■ **YOUR INSTRUCTIONS**
With the pictures left aside, write out exactly the lines of the listing below from the line with "Villa Agas Karterados" to the line with "SCHOOL COAT", both included, and only those.

[[ EXTRACTED DATA, beginning ]]

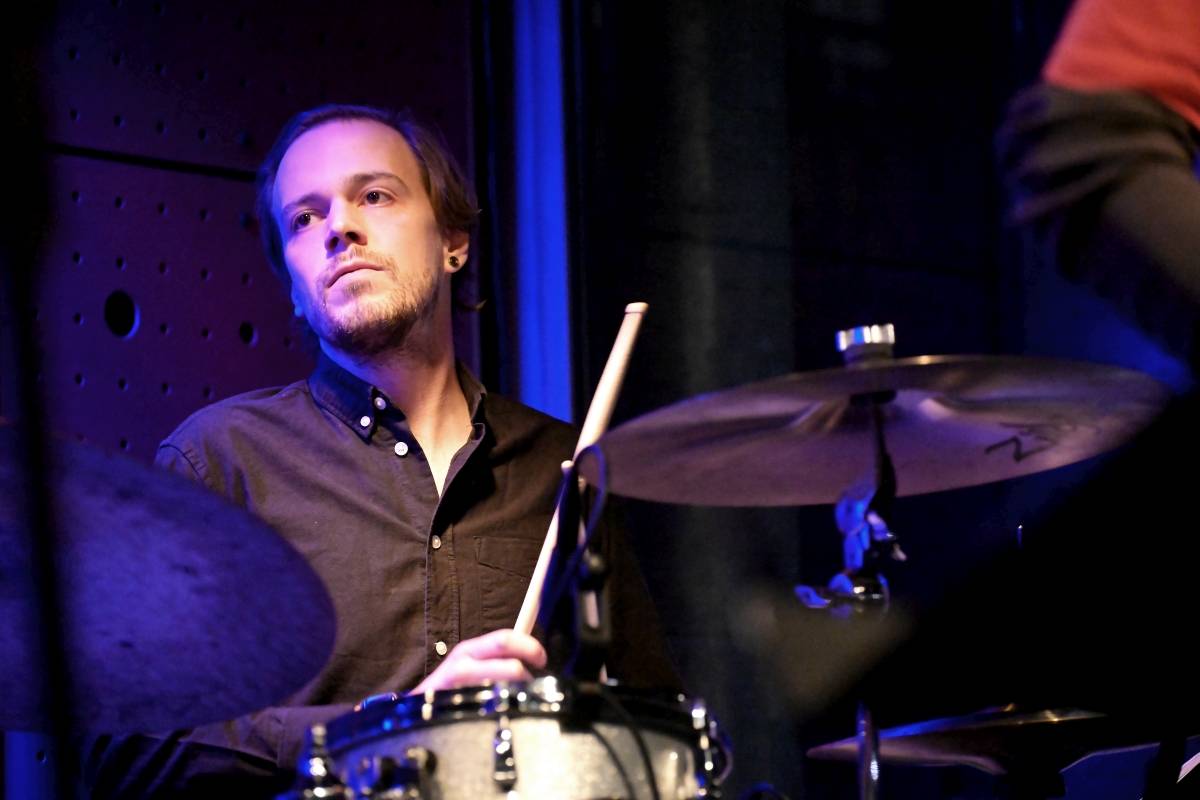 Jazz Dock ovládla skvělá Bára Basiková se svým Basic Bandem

[[ EXTRACTED DATA, end ]]
[[ EXTRACTED DATA, beginning ]]

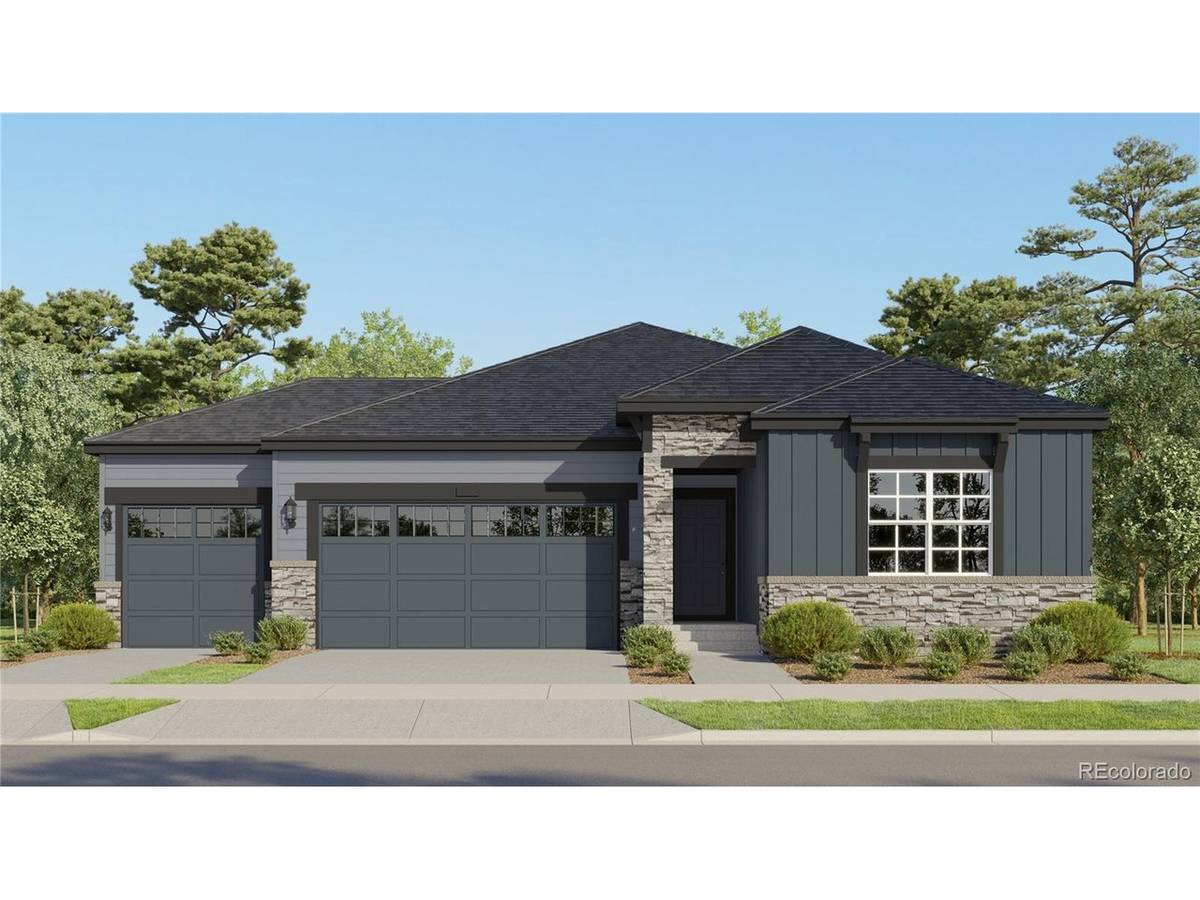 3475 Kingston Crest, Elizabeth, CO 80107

[[ EXTRACTED DATA, end ]]
[[ EXTRACTED DATA, beginning ]]

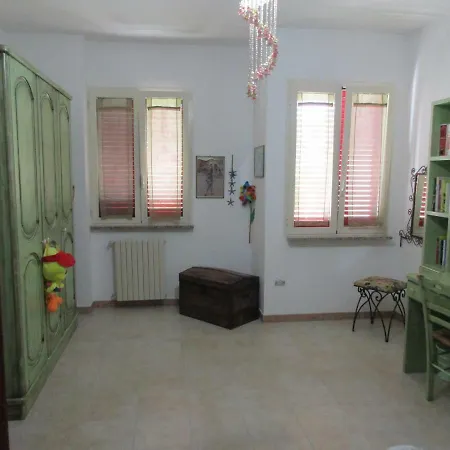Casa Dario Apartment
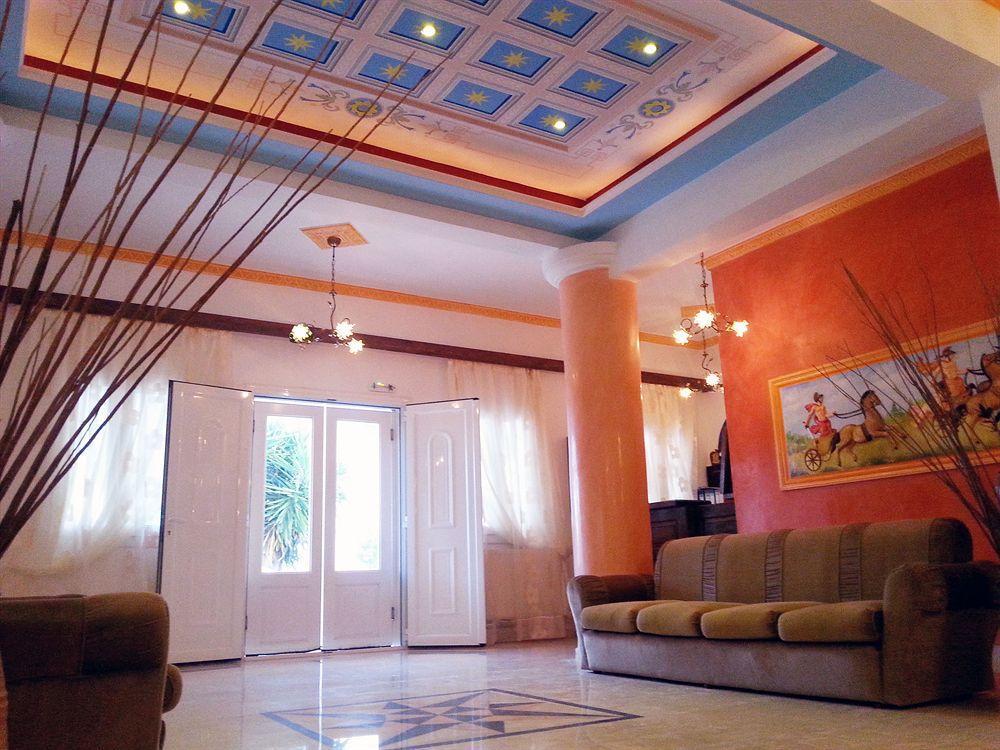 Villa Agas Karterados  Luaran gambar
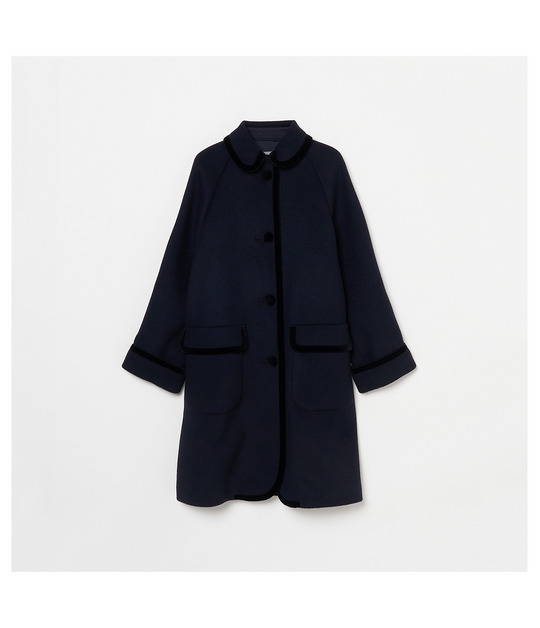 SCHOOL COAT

[[ EXTRACTED DATA, end ]]

■ **SOLUTION FOR THIS TASK**
 Villa Agas Karterados  Luaran gambar
 SCHOOL COAT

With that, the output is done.